> DATA SUPPLIED
----

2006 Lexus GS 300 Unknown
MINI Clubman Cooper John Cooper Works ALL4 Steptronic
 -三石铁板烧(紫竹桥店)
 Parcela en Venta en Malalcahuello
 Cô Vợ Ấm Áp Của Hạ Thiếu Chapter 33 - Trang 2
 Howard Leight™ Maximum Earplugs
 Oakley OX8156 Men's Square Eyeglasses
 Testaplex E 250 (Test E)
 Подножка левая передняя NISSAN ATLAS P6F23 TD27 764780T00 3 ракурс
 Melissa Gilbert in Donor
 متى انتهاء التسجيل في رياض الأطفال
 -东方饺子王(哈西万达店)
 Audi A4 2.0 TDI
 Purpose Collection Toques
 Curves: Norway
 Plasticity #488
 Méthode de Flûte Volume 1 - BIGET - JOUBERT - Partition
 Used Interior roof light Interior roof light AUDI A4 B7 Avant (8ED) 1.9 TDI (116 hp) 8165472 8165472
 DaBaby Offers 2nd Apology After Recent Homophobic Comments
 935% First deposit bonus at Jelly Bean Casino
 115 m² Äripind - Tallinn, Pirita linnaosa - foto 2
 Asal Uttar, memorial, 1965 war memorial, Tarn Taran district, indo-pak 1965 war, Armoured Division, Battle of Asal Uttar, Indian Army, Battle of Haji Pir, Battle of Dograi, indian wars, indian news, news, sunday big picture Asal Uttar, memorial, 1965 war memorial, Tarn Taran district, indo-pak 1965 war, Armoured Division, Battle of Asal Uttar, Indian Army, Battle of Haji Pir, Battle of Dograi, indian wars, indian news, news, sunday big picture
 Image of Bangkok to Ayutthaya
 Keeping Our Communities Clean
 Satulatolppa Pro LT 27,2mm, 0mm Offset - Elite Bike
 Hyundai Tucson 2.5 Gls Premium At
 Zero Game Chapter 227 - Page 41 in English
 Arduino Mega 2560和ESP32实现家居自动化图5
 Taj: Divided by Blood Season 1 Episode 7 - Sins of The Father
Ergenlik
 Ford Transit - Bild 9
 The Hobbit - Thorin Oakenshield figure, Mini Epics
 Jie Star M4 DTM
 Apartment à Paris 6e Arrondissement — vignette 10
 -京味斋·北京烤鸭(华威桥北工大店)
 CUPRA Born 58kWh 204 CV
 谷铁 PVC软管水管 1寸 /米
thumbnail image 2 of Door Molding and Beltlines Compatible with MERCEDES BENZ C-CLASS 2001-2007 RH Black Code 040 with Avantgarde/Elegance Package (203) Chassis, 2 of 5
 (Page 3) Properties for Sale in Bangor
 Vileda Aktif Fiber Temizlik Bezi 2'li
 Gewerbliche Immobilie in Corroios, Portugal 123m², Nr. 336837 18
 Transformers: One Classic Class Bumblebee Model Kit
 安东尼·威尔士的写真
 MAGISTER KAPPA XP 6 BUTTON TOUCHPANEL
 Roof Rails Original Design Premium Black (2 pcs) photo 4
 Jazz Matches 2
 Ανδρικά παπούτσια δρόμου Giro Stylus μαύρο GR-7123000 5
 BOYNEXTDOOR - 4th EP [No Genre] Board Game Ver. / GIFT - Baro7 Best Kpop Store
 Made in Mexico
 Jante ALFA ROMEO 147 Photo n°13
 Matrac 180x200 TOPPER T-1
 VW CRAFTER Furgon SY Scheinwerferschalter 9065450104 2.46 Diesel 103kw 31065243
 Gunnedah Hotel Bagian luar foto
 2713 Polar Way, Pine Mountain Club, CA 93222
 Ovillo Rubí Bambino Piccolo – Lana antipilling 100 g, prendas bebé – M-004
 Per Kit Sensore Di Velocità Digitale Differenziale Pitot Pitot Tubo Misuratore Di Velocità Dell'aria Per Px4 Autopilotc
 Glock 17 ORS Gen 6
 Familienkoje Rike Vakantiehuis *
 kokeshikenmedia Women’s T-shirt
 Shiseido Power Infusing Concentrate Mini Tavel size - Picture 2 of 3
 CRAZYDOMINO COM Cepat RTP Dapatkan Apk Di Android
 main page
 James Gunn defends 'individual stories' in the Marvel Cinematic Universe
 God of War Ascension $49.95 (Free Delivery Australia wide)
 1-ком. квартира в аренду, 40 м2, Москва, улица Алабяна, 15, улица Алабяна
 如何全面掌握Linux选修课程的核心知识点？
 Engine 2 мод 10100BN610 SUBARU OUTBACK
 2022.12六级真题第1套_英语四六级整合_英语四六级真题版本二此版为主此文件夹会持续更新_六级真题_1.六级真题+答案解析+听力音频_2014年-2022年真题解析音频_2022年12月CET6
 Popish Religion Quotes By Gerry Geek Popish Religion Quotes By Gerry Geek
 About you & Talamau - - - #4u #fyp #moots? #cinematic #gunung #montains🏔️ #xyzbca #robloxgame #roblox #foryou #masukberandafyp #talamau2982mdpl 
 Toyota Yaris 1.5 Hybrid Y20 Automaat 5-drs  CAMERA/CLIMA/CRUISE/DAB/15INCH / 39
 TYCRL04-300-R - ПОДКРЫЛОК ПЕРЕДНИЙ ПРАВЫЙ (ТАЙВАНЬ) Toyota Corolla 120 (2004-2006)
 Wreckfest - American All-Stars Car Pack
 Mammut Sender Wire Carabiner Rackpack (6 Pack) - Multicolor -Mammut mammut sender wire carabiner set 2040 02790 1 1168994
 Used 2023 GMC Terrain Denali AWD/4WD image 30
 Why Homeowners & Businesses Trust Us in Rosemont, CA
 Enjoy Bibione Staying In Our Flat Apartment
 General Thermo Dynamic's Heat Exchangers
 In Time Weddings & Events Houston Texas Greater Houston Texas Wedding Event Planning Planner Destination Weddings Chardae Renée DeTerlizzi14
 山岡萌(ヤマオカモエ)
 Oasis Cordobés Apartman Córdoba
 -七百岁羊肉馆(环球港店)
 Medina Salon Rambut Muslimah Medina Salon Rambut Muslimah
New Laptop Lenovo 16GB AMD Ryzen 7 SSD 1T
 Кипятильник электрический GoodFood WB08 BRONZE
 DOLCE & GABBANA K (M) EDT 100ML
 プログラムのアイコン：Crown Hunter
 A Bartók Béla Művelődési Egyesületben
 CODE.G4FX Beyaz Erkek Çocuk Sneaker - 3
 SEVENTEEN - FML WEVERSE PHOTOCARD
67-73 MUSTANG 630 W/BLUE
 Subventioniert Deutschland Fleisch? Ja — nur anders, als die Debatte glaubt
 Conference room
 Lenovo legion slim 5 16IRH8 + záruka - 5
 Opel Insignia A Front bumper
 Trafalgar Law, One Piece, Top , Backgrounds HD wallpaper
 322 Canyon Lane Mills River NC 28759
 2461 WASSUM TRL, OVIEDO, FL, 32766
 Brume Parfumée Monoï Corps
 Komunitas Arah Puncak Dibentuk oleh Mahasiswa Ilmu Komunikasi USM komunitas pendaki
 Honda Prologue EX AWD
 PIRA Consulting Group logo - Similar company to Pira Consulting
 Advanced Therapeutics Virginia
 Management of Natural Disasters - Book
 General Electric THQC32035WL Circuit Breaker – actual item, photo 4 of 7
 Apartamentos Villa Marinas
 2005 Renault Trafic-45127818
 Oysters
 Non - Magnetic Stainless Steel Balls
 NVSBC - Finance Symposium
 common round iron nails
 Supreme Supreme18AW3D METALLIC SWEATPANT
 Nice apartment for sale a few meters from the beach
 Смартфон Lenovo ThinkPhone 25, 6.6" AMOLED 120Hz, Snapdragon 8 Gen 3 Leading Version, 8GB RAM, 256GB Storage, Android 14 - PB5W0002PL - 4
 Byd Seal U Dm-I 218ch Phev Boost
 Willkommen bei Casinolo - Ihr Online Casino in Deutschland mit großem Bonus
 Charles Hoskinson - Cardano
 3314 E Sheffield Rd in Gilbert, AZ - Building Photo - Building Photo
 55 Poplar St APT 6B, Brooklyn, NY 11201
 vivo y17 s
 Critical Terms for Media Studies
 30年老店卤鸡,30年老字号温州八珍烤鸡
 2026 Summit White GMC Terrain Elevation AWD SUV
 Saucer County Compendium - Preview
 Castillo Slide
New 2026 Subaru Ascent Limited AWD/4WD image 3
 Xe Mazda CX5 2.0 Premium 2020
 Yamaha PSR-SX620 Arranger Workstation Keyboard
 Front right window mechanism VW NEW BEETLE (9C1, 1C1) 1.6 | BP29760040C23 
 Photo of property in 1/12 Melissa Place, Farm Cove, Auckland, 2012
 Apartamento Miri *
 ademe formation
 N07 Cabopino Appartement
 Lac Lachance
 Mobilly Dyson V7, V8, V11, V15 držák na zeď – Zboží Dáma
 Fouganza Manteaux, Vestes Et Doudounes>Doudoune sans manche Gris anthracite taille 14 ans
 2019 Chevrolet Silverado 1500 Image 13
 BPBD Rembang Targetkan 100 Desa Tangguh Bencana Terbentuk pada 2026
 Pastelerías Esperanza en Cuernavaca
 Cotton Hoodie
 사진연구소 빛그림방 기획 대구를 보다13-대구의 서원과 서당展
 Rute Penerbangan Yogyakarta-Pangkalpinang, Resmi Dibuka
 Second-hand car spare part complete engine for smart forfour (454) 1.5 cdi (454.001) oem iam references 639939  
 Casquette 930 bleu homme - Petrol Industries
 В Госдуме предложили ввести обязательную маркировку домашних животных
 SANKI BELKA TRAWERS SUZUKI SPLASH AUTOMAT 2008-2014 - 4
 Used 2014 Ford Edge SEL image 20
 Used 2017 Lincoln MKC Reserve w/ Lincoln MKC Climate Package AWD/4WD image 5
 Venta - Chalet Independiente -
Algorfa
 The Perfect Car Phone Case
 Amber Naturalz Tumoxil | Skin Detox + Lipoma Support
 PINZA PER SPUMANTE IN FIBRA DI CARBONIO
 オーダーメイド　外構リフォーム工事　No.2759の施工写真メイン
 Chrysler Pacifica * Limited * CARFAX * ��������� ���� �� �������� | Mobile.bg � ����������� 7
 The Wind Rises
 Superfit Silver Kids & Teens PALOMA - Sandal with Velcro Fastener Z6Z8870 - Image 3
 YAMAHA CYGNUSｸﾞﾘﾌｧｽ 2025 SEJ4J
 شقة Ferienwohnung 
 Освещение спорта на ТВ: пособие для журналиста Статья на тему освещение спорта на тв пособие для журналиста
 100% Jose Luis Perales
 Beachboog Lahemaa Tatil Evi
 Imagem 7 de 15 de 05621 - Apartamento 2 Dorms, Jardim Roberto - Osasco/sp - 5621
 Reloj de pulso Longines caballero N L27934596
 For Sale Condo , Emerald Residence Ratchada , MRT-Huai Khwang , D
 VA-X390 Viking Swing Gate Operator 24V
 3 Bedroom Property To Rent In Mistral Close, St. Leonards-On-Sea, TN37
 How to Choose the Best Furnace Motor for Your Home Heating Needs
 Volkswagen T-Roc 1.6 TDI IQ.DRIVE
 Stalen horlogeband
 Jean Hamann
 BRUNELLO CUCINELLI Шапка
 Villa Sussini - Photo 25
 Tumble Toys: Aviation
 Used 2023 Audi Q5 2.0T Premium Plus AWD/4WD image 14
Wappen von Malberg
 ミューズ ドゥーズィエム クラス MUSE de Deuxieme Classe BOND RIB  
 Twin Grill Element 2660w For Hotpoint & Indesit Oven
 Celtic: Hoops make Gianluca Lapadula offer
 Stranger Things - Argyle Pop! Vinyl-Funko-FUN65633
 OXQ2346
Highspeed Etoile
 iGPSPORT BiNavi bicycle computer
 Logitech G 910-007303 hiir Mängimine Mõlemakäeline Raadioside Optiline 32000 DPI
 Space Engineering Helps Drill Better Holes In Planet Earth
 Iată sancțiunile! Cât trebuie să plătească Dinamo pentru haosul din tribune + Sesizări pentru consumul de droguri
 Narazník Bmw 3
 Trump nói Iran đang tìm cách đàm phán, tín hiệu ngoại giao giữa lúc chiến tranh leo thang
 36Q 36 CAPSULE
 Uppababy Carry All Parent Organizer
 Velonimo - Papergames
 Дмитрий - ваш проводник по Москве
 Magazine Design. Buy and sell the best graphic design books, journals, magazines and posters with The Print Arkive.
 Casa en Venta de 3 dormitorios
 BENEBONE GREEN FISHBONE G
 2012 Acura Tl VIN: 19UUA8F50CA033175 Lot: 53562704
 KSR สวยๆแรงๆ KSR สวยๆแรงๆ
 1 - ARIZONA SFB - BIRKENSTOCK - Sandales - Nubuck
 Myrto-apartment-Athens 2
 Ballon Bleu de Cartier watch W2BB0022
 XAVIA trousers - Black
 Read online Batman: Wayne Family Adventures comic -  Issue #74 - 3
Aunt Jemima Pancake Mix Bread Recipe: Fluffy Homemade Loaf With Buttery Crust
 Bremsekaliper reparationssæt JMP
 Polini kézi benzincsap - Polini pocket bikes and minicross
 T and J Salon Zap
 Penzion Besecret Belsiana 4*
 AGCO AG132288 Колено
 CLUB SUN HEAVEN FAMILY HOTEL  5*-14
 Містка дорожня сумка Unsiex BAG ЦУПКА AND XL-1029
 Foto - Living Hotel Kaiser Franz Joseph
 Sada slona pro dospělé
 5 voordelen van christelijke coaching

----

> EXERCISE
Go through the material above and output exactly the lines from the one containing "Aunt Jemima Pancake" through the one containing "CLUB SUN HEAVEN".

> SOLUTION TO THE PROBLEM
Aunt Jemima Pancake Mix Bread Recipe: Fluffy Homemade Loaf With Buttery Crust
 Bremsekaliper reparationssæt JMP
 Polini kézi benzincsap - Polini pocket bikes and minicross
 T and J Salon Zap
 Penzion Besecret Belsiana 4*
 AGCO AG132288 Колено
 CLUB SUN HEAVEN FAMILY HOTEL  5*-14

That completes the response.